The 9 Deadliest Startup Sins – ThinkGrowth.org
1.Assuming you know what the customer wants.
To succeed, founders need to turn these guesses into facts as soon as possible by getting out of the building, asking customers if the hypotheses are correct, and quickly changing those that are wrong.
2. The “I know what features to build” flaw.
without direct and continuous customer contact, it’s unknown whether the features will hold any appeal to customers.
3. Focusing on the launch date.
The product launch and first customer ship dates are merely the dates when a product development team thinks the product’s first release is “finished.” It doesn’t mean the company understands its customers or how to market or sell to them
4. Emphasizing execution instead of testing, learning, and iteration.

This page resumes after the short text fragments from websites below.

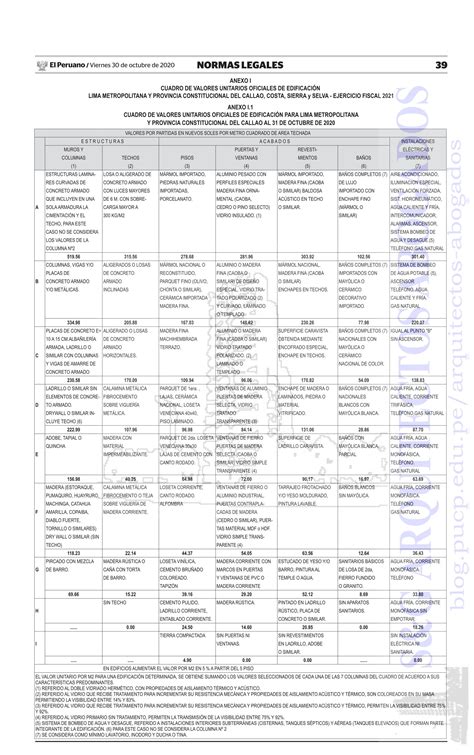 Cuadro De Valores Unitarios Oficiales De Edificaci N Para Lima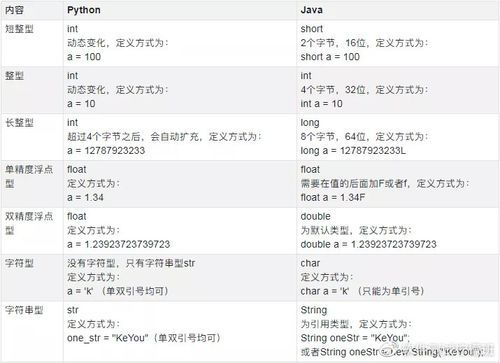 python和java哪个效率高（python和java哪个更有前景）-图3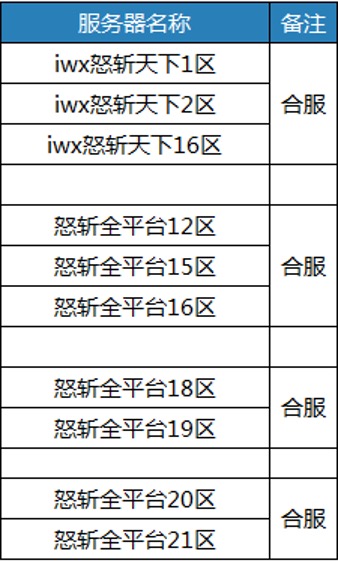vip9服务器中国什么时候开始上线 第1张 vip9服务器中国什么时候开始上线 第1张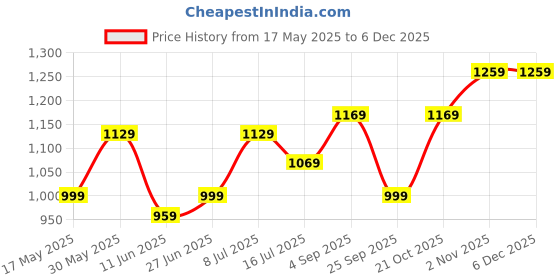 amazon.in parnika (Formerly MJ 925 CZ Embellished Infinity Design Silver Toe Rings In Pure 92.5 Sterling Silver For Women | Chandi Bichiya Bichhiya | With Certificate Of Authenticity parnika Price History Graph from 17 May 2025 to 5 Dec 2025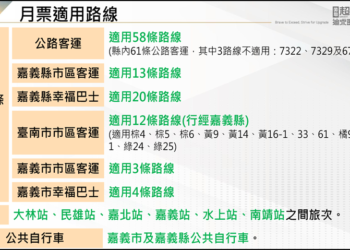 ▲嘉義縣通勤月票適用範圍。(圖/嘉義縣政府提供)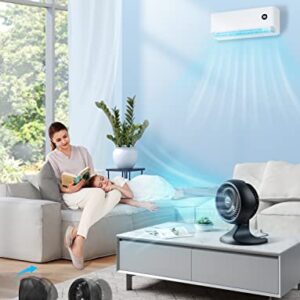 Govee Table Fan for Bedroom, 9" Desk Air Circulator Fan for Whole Room with Temperature Sensor H5100, 8 Speed Settings, 24H Timer, Auto Mode, 27dB Quiet Portable Turbo Force Table Fan for Home Office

focusing on execution and delivering a product or service based on those initial, untested hypotheses is a going-out-of-business strategy.

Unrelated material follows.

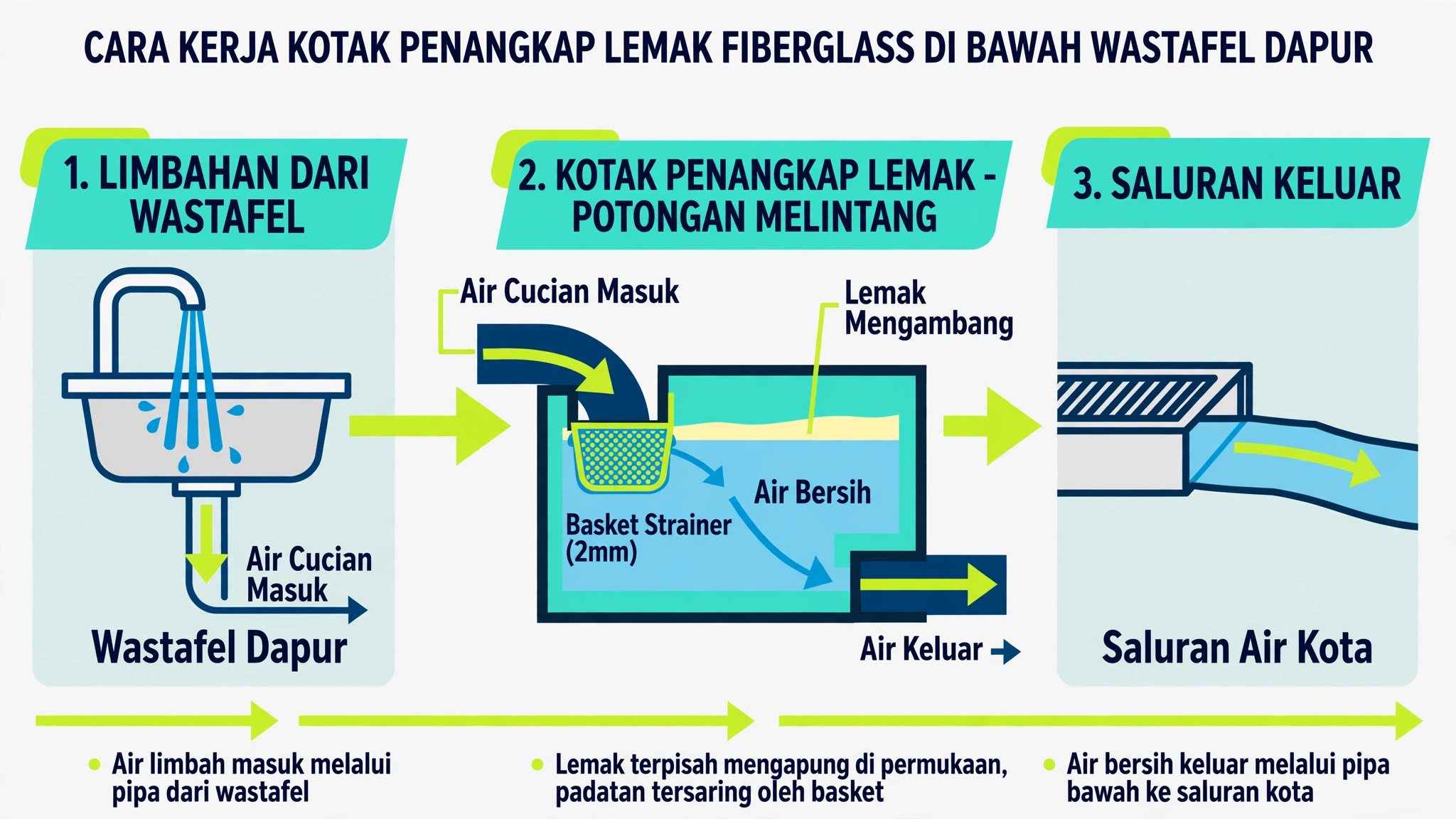 Diagram alur kerja kotak penangkap lemak fiberglass di bawah wastafel dapur, dari limbah wastafel masuk, kotak penangkap lemak potongan melintang dengan basket strainer dan lemak mengambang, hingga air bersih keluar ke saluran kota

5. Writing a business plan that doesn’t allow for trial and error.
Financial progress is tracked using metrics like income statement, balance sheet, and cash flow. The problem is, none of these metrics are very useful because they don’t track progress against your startup’s only goal: to find a repeatable and scalable business model.
6. Confusing traditional job titles with a startup’s needs.
“Sales” at an existing company refers to a team that repeatedly sells a known product to a well-understood group of customers with standard presentations, prices, terms, and conditions. Startups by definition have few, if any, of these. In fact, they’re out searching for them!
7. Executing on a sales and marketing plan.
in a majority of startups, measuring progress against a product launch or revenue plan is simply false progress, since it transpires in a vacuum absent real customer feedback
8. Prematurely scaling your company based on a presumption of success.
the most experienced executives are pressured to hire and staff per the plan regardless of progress. This leads to the next startup disaster: premature scaling.
9. Management by crisis, which leads to a death spiral.
The assumptions in a business plan are simply a series of untested hypotheses. When real results come in, the smart startups pivot or change their business model based on the results. It’s not a crisis, it’s part of the road to success.